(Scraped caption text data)
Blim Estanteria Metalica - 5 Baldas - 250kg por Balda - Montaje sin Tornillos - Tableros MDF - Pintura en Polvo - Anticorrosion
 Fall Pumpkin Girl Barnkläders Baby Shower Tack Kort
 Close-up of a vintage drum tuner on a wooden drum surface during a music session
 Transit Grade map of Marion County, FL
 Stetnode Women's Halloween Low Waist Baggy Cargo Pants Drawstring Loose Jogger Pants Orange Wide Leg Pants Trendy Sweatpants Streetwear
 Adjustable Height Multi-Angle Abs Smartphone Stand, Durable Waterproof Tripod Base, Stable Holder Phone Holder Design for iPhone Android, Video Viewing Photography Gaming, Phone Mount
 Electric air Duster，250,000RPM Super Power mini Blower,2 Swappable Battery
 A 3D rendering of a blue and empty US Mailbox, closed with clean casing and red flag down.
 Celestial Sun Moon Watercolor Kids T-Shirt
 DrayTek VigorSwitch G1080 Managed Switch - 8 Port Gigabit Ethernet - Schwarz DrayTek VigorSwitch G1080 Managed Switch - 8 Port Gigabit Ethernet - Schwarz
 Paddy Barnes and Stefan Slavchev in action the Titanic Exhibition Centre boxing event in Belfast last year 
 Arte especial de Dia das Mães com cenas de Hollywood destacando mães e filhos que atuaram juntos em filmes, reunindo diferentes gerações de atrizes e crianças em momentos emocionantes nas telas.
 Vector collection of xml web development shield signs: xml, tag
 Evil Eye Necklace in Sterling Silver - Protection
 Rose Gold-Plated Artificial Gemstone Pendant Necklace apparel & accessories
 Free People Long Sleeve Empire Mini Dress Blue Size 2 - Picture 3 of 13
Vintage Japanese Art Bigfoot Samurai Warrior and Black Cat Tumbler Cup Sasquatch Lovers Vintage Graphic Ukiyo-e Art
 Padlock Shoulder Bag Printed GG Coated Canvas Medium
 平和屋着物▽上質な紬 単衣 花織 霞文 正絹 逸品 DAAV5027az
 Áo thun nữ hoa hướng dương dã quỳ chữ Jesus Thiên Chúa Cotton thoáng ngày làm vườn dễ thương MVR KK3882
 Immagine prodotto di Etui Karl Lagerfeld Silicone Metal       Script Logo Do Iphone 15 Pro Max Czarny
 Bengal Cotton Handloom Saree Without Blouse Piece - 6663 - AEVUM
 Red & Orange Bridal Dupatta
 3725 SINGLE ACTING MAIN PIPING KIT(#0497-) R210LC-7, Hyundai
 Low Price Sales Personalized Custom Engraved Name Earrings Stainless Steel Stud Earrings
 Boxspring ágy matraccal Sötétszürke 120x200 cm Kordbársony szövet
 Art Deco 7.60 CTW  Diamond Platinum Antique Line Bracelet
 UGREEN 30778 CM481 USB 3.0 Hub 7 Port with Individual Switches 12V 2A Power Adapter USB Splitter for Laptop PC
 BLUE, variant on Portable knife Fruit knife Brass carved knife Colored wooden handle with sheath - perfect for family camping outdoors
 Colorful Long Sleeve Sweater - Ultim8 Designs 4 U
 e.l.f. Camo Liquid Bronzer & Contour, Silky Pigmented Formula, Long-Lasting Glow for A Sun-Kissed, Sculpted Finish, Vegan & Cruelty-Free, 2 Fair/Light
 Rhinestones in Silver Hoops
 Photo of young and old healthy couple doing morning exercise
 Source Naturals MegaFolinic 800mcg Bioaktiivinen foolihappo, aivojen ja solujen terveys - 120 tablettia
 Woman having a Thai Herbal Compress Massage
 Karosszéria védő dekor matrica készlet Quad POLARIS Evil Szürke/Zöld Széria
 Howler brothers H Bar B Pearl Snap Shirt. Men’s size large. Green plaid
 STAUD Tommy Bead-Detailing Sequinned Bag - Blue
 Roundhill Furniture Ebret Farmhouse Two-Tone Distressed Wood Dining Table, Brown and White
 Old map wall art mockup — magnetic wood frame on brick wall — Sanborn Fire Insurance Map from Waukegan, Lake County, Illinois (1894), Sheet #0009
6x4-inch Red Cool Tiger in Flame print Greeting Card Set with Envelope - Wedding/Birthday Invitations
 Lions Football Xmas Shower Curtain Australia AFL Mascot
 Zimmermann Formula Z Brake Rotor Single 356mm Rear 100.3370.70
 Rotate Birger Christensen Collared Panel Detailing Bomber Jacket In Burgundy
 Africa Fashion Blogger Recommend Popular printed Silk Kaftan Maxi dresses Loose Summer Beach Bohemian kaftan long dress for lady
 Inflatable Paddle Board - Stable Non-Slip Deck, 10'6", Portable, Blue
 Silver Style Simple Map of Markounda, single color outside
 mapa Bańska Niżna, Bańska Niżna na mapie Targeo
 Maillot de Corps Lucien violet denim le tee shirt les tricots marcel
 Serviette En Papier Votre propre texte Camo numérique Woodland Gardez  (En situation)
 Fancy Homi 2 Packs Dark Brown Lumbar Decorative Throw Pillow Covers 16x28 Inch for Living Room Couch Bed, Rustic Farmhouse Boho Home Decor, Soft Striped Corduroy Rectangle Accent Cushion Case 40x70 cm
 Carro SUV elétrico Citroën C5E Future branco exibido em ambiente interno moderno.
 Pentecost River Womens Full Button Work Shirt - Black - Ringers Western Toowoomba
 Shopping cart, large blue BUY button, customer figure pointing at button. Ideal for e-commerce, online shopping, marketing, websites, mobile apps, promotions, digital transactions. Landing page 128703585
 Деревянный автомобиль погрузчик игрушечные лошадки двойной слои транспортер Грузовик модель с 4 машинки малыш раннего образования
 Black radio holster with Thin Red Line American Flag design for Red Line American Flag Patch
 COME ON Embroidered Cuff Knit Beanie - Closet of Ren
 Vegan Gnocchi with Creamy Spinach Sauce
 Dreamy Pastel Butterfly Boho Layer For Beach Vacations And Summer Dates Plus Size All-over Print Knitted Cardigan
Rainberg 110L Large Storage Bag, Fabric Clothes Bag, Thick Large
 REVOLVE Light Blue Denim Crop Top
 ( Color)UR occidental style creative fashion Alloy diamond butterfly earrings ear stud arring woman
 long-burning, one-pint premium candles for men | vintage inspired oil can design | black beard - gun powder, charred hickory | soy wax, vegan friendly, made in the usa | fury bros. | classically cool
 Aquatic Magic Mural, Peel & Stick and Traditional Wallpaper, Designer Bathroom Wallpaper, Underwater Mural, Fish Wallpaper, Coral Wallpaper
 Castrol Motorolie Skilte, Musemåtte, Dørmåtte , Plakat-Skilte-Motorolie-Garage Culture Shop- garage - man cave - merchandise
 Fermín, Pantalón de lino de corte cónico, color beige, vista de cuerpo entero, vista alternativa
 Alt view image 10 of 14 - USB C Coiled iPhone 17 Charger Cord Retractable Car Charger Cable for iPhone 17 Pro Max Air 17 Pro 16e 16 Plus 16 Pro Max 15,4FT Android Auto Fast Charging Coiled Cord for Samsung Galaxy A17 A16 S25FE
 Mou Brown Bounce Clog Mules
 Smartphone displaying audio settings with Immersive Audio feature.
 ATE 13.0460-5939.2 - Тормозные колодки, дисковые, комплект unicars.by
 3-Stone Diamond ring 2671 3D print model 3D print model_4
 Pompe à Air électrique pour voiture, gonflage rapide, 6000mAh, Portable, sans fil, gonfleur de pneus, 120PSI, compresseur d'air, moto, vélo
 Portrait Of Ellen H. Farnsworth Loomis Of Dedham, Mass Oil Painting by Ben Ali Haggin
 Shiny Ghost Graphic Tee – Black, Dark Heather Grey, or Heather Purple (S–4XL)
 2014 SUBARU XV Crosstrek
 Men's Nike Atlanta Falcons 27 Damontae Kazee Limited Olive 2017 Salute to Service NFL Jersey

Task to complete: Please give an exact copy of every entry.

Reply to the exercise:
Blim Estanteria Metalica - 5 Baldas - 250kg por Balda - Montaje sin Tornillos - Tableros MDF - Pintura en Polvo - Anticorrosion
 Fall Pumpkin Girl Barnkläders Baby Shower Tack Kort
 Close-up of a vintage drum tuner on a wooden drum surface during a music session
 Transit Grade map of Marion County, FL
 Stetnode Women's Halloween Low Waist Baggy Cargo Pants Drawstring Loose Jogger Pants Orange Wide Leg Pants Trendy Sweatpants Streetwear
 Adjustable Height Multi-Angle Abs Smartphone Stand, Durable Waterproof Tripod Base, Stable Holder Phone Holder Design for iPhone Android, Video Viewing Photography Gaming, Phone Mount
 Electric air Duster，250,000RPM Super Power mini Blower,2 Swappable Battery
 A 3D rendering of a blue and empty US Mailbox, closed with clean casing and red flag down.
 Celestial Sun Moon Watercolor Kids T-Shirt
 DrayTek VigorSwitch G1080 Managed Switch - 8 Port Gigabit Ethernet - Schwarz DrayTek VigorSwitch G1080 Managed Switch - 8 Port Gigabit Ethernet - Schwarz
 Paddy Barnes and Stefan Slavchev in action the Titanic Exhibition Centre boxing event in Belfast last year 
 Arte especial de Dia das Mães com cenas de Hollywood destacando mães e filhos que atuaram juntos em filmes, reunindo diferentes gerações de atrizes e crianças em momentos emocionantes nas telas.
 Vector collection of xml web development shield signs: xml, tag
 Evil Eye Necklace in Sterling Silver - Protection
 Rose Gold-Plated Artificial Gemstone Pendant Necklace apparel & accessories
 Free People Long Sleeve Empire Mini Dress Blue Size 2 - Picture 3 of 13
Vintage Japanese Art Bigfoot Samurai Warrior and Black Cat Tumbler Cup Sasquatch Lovers Vintage Graphic Ukiyo-e Art
 Padlock Shoulder Bag Printed GG Coated Canvas Medium
 平和屋着物▽上質な紬 単衣 花織 霞文 正絹 逸品 DAAV5027az
 Áo thun nữ hoa hướng dương dã quỳ chữ Jesus Thiên Chúa Cotton thoáng ngày làm vườn dễ thương MVR KK3882
 Immagine prodotto di Etui Karl Lagerfeld Silicone Metal       Script Logo Do Iphone 15 Pro Max Czarny
 Bengal Cotton Handloom Saree Without Blouse Piece - 6663 - AEVUM
 Red & Orange Bridal Dupatta
 3725 SINGLE ACTING MAIN PIPING KIT(#0497-) R210LC-7, Hyundai
 Low Price Sales Personalized Custom Engraved Name Earrings Stainless Steel Stud Earrings
 Boxspring ágy matraccal Sötétszürke 120x200 cm Kordbársony szövet
 Art Deco 7.60 CTW  Diamond Platinum Antique Line Bracelet
 UGREEN 30778 CM481 USB 3.0 Hub 7 Port with Individual Switches 12V 2A Power Adapter USB Splitter for Laptop PC
 BLUE, variant on Portable knife Fruit knife Brass carved knife Colored wooden handle with sheath - perfect for family camping outdoors
 Colorful Long Sleeve Sweater - Ultim8 Designs 4 U
 e.l.f. Camo Liquid Bronzer & Contour, Silky Pigmented Formula, Long-Lasting Glow for A Sun-Kissed, Sculpted Finish, Vegan & Cruelty-Free, 2 Fair/Light
 Rhinestones in Silver Hoops
 Photo of young and old healthy couple doing morning exercise
 Source Naturals MegaFolinic 800mcg Bioaktiivinen foolihappo, aivojen ja solujen terveys - 120 tablettia
 Woman having a Thai Herbal Compress Massage
 Karosszéria védő dekor matrica készlet Quad POLARIS Evil Szürke/Zöld Széria
 Howler brothers H Bar B Pearl Snap Shirt. Men’s size large. Green plaid
 STAUD Tommy Bead-Detailing Sequinned Bag - Blue
 Roundhill Furniture Ebret Farmhouse Two-Tone Distressed Wood Dining Table, Brown and White
 Old map wall art mockup — magnetic wood frame on brick wall — Sanborn Fire Insurance Map from Waukegan, Lake County, Illinois (1894), Sheet #0009
6x4-inch Red Cool Tiger in Flame print Greeting Card Set with Envelope - Wedding/Birthday Invitations
 Lions Football Xmas Shower Curtain Australia AFL Mascot
 Zimmermann Formula Z Brake Rotor Single 356mm Rear 100.3370.70
 Rotate Birger Christensen Collared Panel Detailing Bomber Jacket In Burgundy
 Africa Fashion Blogger Recommend Popular printed Silk Kaftan Maxi dresses Loose Summer Beach Bohemian kaftan long dress for lady
 Inflatable Paddle Board - Stable Non-Slip Deck, 10'6", Portable, Blue
 Silver Style Simple Map of Markounda, single color outside
 mapa Bańska Niżna, Bańska Niżna na mapie Targeo
 Maillot de Corps Lucien violet denim le tee shirt les tricots marcel
 Serviette En Papier Votre propre texte Camo numérique Woodland Gardez  (En situation)
 Fancy Homi 2 Packs Dark Brown Lumbar Decorative Throw Pillow Covers 16x28 Inch for Living Room Couch Bed, Rustic Farmhouse Boho Home Decor, Soft Striped Corduroy Rectangle Accent Cushion Case 40x70 cm
 Carro SUV elétrico Citroën C5E Future branco exibido em ambiente interno moderno.
 Pentecost River Womens Full Button Work Shirt - Black - Ringers Western Toowoomba
 Shopping cart, large blue BUY button, customer figure pointing at button. Ideal for e-commerce, online shopping, marketing, websites, mobile apps, promotions, digital transactions. Landing page 128703585
 Деревянный автомобиль погрузчик игрушечные лошадки двойной слои транспортер Грузовик модель с 4 машинки малыш раннего образования
 Black radio holster with Thin Red Line American Flag design for Red Line American Flag Patch
 COME ON Embroidered Cuff Knit Beanie - Closet of Ren
 Vegan Gnocchi with Creamy Spinach Sauce
 Dreamy Pastel Butterfly Boho Layer For Beach Vacations And Summer Dates Plus Size All-over Print Knitted Cardigan
Rainberg 110L Large Storage Bag, Fabric Clothes Bag, Thick Large
 REVOLVE Light Blue Denim Crop Top
 ( Color)UR occidental style creative fashion Alloy diamond butterfly earrings ear stud arring woman
 long-burning, one-pint premium candles for men | vintage inspired oil can design | black beard - gun powder, charred hickory | soy wax, vegan friendly, made in the usa | fury bros. | classically cool
 Aquatic Magic Mural, Peel & Stick and Traditional Wallpaper, Designer Bathroom Wallpaper, Underwater Mural, Fish Wallpaper, Coral Wallpaper
 Castrol Motorolie Skilte, Musemåtte, Dørmåtte , Plakat-Skilte-Motorolie-Garage Culture Shop- garage - man cave - merchandise
 Fermín, Pantalón de lino de corte cónico, color beige, vista de cuerpo entero, vista alternativa
 Alt view image 10 of 14 - USB C Coiled iPhone 17 Charger Cord Retractable Car Charger Cable for iPhone 17 Pro Max Air 17 Pro 16e 16 Plus 16 Pro Max 15,4FT Android Auto Fast Charging Coiled Cord for Samsung Galaxy A17 A16 S25FE
 Mou Brown Bounce Clog Mules
 Smartphone displaying audio settings with Immersive Audio feature.
 ATE 13.0460-5939.2 - Тормозные колодки, дисковые, комплект unicars.by
 3-Stone Diamond ring 2671 3D print model 3D print model_4
 Pompe à Air électrique pour voiture, gonflage rapide, 6000mAh, Portable, sans fil, gonfleur de pneus, 120PSI, compresseur d'air, moto, vélo
 Portrait Of Ellen H. Farnsworth Loomis Of Dedham, Mass Oil Painting by Ben Ali Haggin
 Shiny Ghost Graphic Tee – Black, Dark Heather Grey, or Heather Purple (S–4XL)
 2014 SUBARU XV Crosstrek
 Men's Nike Atlanta Falcons 27 Damontae Kazee Limited Olive 2017 Salute to Service NFL Jersey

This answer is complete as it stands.